### Action item
Repeat the lines from the one containing "Freightliner CASCADIA 116 Sadulveokid" through the last line of the data, exactly, pictures omitted.

### Information provided
▬▬▬

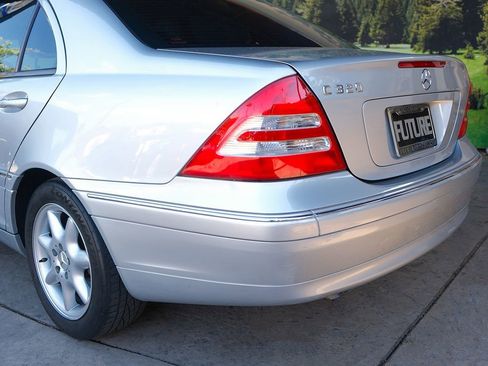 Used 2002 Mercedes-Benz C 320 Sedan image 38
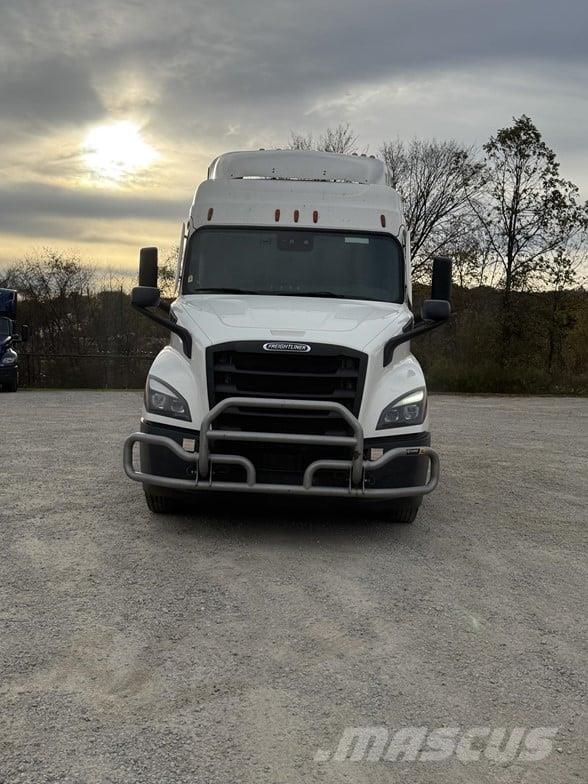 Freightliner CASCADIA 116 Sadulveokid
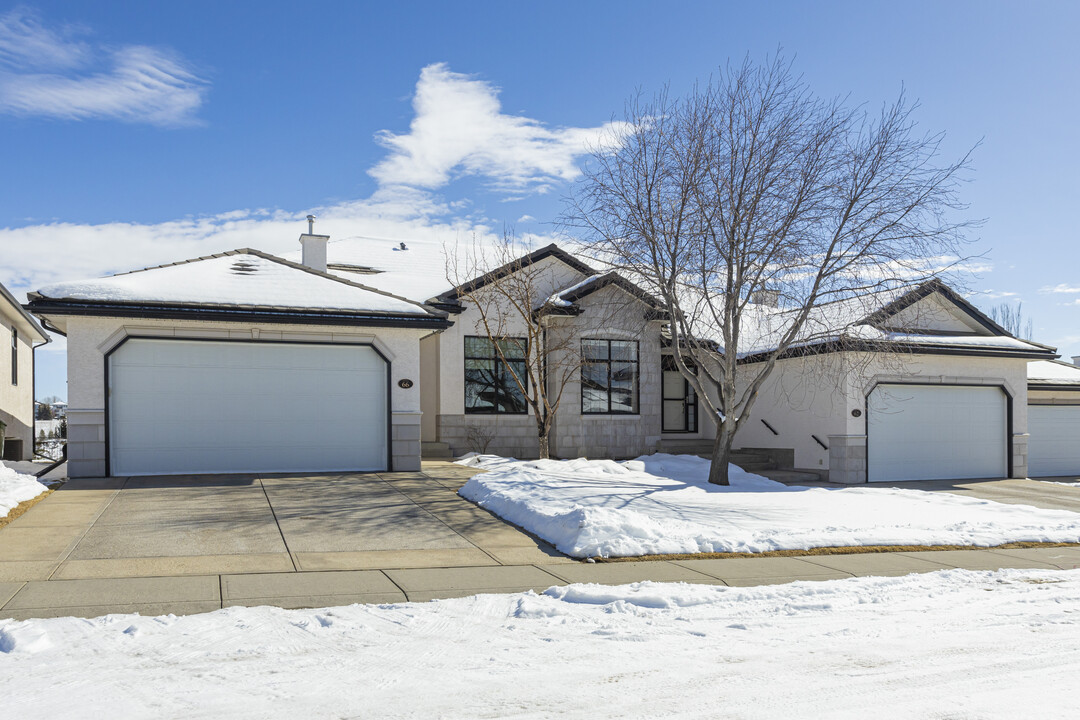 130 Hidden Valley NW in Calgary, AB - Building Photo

▬▬▬

### The answer
 Freightliner CASCADIA 116 Sadulveokid
 130 Hidden Valley NW in Calgary, AB - Building Photo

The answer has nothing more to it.